The problem of sea level rising is made more of a challenge in Venice due to the city’s soil. Local land subsidence (LLS) means that the soil in the City is naturally inclined to lower – a big issue due to the fact the historic buildings of Venice are anchored to the soil. The lowering trajectory of the ground, in conjunction with the rise of the water level endangers the Cities buildings.

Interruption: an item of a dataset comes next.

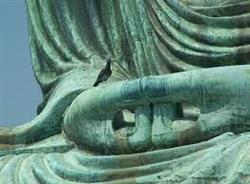 Corso di Meditazione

Climate Emergency in Venice is becoming an increasingly tangible problem, with unusual and exceptionally frequent floods being the main symptom of the changes to our climate. Long-term and effective solutions are required to preserve such the artistic, historic and cultural heritage of Venice, but they cannot be found only in technical improvements and local provisions. Political and economic actors need to play a key role in fighting global temperature increases. Venice and it’s residents are in a unique position; the cities geographical location in the global north, together with the widespread recognition of the need to safeguard sites of historical and cultural importance could be used as a tool to encourage leaders in the Global North to make important, effective and global-scale decisions to tackle climate change.
Camuffo, D., Bertolin, C., Schenal, P. (2017). “A novel proxy and the sea level rise in Venice, Italy, from 1350 to 2014”. Climatic Change, 143(1/2), 2017, pp. 73-86.
Ivajnšič, D., Kaligarič, M., Fantinato, E., Del Vecchio, S., Buffa, G. (2018). “The fate of coastal habitats in the Venice Lagoon from the sea level rise perspective”. Applied Georgaphy, Elsevier LTD, 98(1), 2018, pp. 34-42
Molinaroli, E., Guerzoni, S., Suman, D. (2019). “Do the Adaptations of Venice and Miami to Sea Level Rise Offer Lessons for Other Vulnerable Coastal Cities?”. Environmental Management, 64(4), 2019.